Pandas Imprecise intervals/labels by pd.cut

Code Sample

import pandas as pd

x = [0, 1, 2, 3, 4]
res = pd.cut(x, (0, 2, 4), include_lowest=True)
print(res, '\n')

for val in res:
    print(repr(val))

Output

[(-0.001, 2.0], (-0.001, 2.0], (-0.001, 2.0], (2.0, 4.0], (2.0, 4.0]]
Categories (2, interval[float64]): [(-0.001, 2.0] < (2.0, 4.0]] 

Interval(-0.001, 2.0, closed='right')
Interval(-0.001, 2.0, closed='right')
Interval(-0.001, 2.0, closed='right')
Interval(2.0, 4.0, closed='right')
Interval(2.0, 4.0, closed='right')

Problem description

The correct cutting behaviour but the labels are awkward (given the input), they leak the internal adjustments used to do the cutting. The expected output has precise intervals/labels. This is a regression from the previous version 0.19.2.

Expected Output

[[0, 2], [0, 2], [0, 2], (2, 4], (2, 4]]
Categories (2, interval[int64]): [[0, 2] < (2, 4]]

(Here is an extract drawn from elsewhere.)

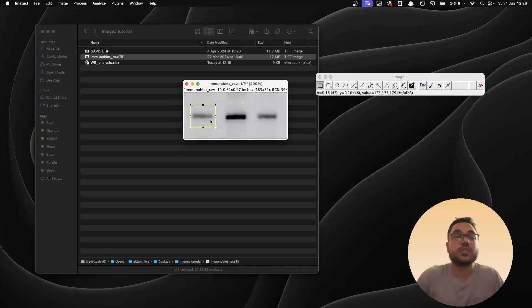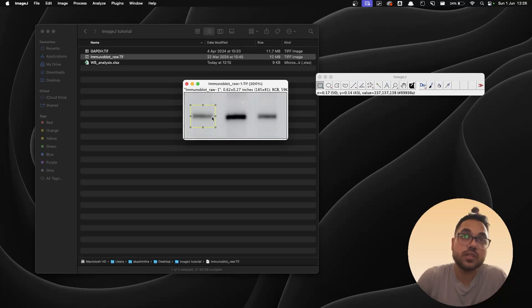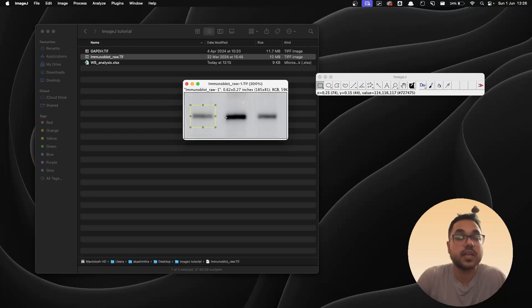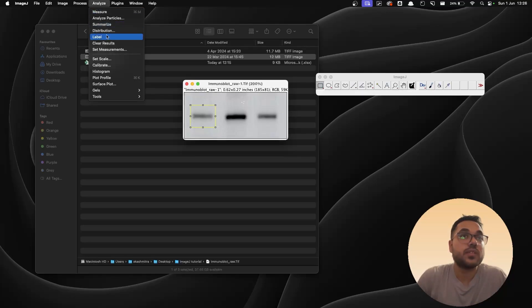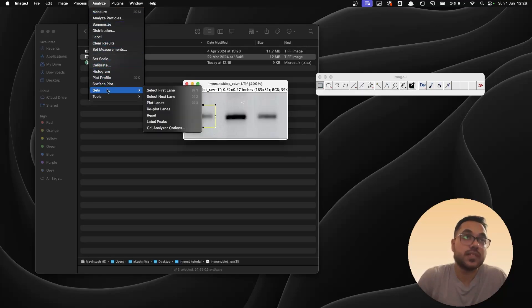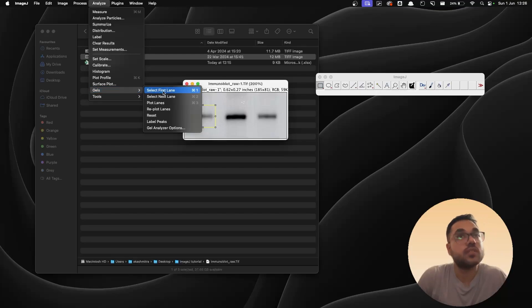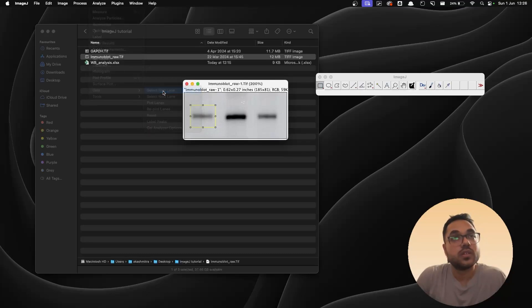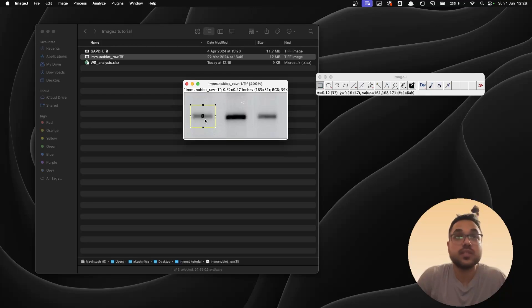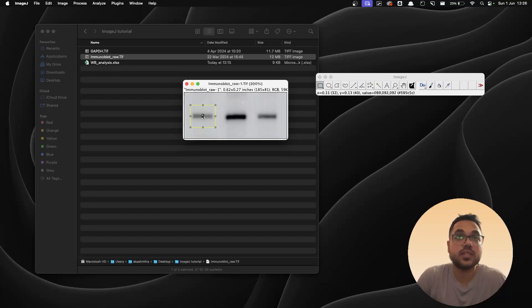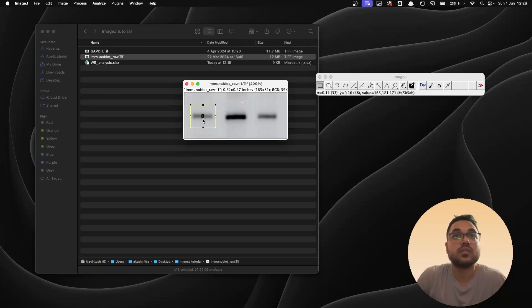Make sure that the whole blot is inside the rectangle, it should not spill over outside the rectangle. Once you do that, you go to Analyze and there's an option called Gels. Inside that you have the first option which is Select First Lane. The shortcut for this is Command+1. So that creates a small one over here in the first lane, and this tells ImageJ that this is the first lane so you can analyze the rest based on the first lane.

Interval(0, 2, closed='both')
Interval(0, 2, closed='both')
Interval(0, 2, closed='both')
Interval(2, 4, closed='right')
Interval(2, 4, closed='right')

Output of `pd.show_versions()`

INSTALLED VERSIONS ------------------ commit: None python: 3.6.1.final.0 python-bits: 64 OS: Linux OS-release: 4.9.6-gentoo-r1 machine: x86_64 processor: x86_64 byteorder: little LC_ALL: en_US.utf8 LANG: en_US.utf8 LOCALE: en_US.UTF-8 pandas: 0.20.1 pytest: 3.0.7 pip: 9.0.1 setuptools: 35.0.2 Cython: 0.25.2 numpy: 1.12.1 scipy: 0.19.0 xarray: None IPython: 6.0.0 sphinx: 1.5.5 patsy: 0.4.1 dateutil: 2.6.0 pytz: 2017.2 blosc: None bottleneck: None tables: None numexpr: 2.6.1 feather: None matplotlib: 2.0.1 openpyxl: None xlrd: None xlwt: None xlsxwriter: None lxml: None bs4: 4.5.3 html5lib: 0.999999999 sqlalchemy: None pymysql: None psycopg2: None jinja2: 2.9.6 s3fs: None pandas_gbq: None pandas_datareader: None

Comment From: has2k1

I have seen PR #15309, looked at the code for pd.cut and IntervalIndex, it is quiet thorny and it looks like the change in API for pd.cut is a by product of the difficult implementation. I have also discovered this:

pd.Categorical([pd.Interval(0, 2, 'both'), pd.Interval(2, 4, 'right')])
# ValueError: intervals must all be closed on the same side

So, the expected input posted above does not indicate an unknown issue. Also, the meaning of the right parameter has changed from this:

Indicates whether the bins include the *rightmost* edge or not.

to this:

Indicates whether the bins include the *right* edge or not.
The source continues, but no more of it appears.